((

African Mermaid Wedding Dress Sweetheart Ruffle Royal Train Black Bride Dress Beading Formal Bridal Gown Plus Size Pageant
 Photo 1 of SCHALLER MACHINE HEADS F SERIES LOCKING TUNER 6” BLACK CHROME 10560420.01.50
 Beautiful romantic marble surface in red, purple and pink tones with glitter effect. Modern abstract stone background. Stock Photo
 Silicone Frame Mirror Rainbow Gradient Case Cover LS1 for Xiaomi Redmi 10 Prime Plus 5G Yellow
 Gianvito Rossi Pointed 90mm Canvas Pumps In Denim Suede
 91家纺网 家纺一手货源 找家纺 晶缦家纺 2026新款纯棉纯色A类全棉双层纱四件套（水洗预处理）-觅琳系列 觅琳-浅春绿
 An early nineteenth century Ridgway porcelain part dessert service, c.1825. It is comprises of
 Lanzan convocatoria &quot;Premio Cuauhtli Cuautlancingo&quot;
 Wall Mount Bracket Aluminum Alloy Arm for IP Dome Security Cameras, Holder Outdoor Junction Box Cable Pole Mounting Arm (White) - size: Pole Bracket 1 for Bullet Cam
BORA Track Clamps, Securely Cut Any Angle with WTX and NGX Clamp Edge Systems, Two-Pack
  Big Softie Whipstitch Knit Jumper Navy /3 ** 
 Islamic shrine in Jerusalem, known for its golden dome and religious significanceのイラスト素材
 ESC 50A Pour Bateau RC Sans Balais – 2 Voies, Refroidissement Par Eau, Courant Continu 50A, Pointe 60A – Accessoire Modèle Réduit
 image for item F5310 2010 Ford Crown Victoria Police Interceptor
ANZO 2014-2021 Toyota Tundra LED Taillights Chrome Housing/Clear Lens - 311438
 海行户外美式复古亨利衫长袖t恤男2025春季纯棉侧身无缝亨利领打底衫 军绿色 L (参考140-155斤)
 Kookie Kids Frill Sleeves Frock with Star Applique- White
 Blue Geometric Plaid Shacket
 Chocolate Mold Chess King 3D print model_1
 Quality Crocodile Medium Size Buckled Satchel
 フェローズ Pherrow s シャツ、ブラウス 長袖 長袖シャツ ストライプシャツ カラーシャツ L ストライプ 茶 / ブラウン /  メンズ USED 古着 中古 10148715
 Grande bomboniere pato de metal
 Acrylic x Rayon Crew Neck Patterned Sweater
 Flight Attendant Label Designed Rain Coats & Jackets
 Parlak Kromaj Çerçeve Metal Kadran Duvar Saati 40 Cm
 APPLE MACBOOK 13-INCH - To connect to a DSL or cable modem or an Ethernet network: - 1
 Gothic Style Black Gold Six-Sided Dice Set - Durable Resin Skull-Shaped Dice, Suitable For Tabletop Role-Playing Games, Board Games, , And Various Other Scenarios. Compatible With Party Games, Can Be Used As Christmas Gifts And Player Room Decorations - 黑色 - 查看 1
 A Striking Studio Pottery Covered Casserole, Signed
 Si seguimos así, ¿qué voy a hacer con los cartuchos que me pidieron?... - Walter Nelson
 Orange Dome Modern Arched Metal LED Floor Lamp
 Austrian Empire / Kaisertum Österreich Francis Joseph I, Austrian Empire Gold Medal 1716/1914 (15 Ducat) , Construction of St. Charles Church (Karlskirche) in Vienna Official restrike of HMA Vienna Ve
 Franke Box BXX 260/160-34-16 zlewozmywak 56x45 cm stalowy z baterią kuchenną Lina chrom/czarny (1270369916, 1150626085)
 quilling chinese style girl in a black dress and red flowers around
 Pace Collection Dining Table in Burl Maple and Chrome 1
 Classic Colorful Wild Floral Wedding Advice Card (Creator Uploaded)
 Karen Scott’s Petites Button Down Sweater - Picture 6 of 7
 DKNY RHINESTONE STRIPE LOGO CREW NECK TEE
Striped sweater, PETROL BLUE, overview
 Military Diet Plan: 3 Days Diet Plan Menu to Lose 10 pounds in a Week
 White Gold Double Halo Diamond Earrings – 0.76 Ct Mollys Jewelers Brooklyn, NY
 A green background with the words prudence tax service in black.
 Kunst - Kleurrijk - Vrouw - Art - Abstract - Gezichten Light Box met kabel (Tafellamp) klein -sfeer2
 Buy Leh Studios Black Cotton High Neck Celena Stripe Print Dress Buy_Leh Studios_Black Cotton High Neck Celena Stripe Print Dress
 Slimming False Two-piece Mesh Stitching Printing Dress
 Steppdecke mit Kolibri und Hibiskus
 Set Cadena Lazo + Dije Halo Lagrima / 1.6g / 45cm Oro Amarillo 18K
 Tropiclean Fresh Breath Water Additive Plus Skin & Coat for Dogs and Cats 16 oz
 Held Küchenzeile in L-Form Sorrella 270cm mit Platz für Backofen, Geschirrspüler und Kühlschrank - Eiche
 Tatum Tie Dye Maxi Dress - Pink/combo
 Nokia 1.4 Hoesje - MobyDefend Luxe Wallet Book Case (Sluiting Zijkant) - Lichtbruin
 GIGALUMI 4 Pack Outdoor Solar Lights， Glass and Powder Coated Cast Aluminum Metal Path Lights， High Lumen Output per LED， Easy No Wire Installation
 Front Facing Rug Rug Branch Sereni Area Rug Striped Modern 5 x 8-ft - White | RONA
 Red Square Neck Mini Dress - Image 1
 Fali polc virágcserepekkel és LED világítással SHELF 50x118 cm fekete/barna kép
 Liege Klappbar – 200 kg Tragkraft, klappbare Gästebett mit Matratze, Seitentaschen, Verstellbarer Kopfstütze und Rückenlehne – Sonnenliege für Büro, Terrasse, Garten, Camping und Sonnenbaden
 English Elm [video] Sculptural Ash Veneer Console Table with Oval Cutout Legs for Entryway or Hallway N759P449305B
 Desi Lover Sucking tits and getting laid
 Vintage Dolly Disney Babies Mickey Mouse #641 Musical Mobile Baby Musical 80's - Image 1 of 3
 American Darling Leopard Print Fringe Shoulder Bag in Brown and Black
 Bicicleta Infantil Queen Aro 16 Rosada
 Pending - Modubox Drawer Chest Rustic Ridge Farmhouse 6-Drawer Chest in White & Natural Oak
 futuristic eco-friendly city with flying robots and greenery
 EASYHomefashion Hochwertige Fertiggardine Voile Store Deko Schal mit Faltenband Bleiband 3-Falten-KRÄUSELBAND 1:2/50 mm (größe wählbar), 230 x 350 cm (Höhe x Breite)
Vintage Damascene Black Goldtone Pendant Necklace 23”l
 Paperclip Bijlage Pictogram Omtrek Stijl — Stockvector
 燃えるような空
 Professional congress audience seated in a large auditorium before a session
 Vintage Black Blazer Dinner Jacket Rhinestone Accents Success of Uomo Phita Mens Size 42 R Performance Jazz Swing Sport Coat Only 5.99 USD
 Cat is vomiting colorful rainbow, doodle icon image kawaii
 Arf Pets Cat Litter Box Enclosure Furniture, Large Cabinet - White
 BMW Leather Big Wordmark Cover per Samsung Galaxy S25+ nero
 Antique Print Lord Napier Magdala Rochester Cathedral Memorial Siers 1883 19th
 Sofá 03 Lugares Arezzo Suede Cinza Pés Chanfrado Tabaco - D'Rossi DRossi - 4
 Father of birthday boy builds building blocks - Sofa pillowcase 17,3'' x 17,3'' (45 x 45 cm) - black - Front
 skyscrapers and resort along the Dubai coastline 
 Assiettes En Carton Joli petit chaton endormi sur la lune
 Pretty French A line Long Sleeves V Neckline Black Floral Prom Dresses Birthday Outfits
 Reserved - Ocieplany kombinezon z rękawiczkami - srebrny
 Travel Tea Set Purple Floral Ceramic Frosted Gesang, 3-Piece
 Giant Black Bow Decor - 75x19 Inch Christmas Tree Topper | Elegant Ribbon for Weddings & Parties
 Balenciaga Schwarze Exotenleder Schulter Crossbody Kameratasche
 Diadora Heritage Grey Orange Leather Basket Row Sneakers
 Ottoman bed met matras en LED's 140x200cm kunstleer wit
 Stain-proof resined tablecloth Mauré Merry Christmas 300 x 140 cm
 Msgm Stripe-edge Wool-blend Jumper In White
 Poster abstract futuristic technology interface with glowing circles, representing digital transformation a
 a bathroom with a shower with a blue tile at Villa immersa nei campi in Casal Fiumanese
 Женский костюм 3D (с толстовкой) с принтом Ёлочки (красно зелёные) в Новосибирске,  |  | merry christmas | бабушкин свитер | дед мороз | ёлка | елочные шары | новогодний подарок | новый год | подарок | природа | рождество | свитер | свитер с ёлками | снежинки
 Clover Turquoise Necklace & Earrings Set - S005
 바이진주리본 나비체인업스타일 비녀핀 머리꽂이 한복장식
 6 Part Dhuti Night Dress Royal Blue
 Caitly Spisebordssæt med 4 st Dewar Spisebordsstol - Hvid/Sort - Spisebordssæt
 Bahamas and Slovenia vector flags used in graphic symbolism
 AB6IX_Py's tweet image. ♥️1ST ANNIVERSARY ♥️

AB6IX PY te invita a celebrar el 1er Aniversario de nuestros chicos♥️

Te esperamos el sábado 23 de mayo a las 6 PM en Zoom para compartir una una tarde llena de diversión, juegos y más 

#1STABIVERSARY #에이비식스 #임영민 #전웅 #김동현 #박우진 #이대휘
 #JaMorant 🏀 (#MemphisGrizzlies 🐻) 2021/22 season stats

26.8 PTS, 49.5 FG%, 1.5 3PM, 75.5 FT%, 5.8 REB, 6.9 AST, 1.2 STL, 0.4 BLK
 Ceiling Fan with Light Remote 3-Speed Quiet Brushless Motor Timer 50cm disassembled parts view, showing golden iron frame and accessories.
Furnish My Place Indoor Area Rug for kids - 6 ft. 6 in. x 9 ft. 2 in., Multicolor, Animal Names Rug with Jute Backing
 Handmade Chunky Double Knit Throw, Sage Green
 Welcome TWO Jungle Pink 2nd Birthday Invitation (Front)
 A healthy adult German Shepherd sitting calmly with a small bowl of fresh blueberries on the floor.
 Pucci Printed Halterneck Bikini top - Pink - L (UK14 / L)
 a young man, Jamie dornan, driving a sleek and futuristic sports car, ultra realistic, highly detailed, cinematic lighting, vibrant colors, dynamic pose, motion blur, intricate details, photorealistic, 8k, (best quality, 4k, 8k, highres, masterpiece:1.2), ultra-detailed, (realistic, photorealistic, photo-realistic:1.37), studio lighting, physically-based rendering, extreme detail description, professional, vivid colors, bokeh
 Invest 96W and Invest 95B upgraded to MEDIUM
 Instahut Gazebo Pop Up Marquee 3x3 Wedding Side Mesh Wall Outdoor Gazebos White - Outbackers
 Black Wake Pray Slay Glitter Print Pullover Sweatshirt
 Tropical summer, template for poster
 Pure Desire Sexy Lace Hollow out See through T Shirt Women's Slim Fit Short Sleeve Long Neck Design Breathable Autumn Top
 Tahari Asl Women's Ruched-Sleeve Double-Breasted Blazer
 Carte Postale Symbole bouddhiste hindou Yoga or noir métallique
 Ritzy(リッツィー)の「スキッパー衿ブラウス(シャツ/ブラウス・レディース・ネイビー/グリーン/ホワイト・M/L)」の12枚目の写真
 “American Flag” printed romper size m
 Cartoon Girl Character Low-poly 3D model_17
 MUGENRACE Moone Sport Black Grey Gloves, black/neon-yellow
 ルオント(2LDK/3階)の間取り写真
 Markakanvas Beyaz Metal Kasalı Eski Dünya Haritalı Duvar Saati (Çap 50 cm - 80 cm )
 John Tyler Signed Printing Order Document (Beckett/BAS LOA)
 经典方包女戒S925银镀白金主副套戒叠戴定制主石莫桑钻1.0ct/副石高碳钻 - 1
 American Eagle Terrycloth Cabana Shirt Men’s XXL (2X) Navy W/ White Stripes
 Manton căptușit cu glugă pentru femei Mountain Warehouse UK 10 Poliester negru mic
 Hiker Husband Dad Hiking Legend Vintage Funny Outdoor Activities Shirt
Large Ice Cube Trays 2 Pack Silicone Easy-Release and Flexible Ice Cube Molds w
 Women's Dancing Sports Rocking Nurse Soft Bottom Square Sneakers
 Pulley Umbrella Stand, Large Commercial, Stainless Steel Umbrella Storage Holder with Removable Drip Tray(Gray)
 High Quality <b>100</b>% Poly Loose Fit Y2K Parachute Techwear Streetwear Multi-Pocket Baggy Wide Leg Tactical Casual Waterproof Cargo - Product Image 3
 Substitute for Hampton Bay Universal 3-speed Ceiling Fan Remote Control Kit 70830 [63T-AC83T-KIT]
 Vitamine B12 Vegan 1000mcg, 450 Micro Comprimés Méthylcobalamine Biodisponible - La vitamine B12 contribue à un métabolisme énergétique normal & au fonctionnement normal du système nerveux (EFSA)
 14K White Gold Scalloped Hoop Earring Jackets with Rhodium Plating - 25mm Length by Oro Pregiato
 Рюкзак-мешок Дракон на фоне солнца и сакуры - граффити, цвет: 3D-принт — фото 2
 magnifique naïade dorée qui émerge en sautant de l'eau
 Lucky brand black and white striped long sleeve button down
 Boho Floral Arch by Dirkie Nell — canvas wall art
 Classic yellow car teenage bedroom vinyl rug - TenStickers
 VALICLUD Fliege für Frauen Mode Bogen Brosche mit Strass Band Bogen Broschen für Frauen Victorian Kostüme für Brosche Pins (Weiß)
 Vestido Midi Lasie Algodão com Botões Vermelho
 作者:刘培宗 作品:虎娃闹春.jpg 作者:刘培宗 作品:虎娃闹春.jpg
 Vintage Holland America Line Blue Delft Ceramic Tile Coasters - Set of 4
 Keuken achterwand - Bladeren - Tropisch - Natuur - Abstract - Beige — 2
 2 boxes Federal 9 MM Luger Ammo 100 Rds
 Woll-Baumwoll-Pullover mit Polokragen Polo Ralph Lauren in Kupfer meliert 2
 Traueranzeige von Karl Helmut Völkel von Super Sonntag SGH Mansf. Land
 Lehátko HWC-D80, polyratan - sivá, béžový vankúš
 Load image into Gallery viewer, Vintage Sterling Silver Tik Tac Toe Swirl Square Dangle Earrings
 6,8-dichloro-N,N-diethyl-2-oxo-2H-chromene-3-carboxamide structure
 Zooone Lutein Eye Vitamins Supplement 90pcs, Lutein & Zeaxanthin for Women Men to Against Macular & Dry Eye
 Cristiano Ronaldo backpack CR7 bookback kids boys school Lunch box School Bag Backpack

))

## [Work required]
Your output should be an exact copy of the lines from the top of the listing above to the line with "Silicone Frame Mirror", both ends included.

## [Worked solution]
African Mermaid Wedding Dress Sweetheart Ruffle Royal Train Black Bride Dress Beading Formal Bridal Gown Plus Size Pageant
 Photo 1 of SCHALLER MACHINE HEADS F SERIES LOCKING TUNER 6” BLACK CHROME 10560420.01.50
 Beautiful romantic marble surface in red, purple and pink tones with glitter effect. Modern abstract stone background. Stock Photo
 Silicone Frame Mirror Rainbow Gradient Case Cover LS1 for Xiaomi Redmi 10 Prime Plus 5G Yellow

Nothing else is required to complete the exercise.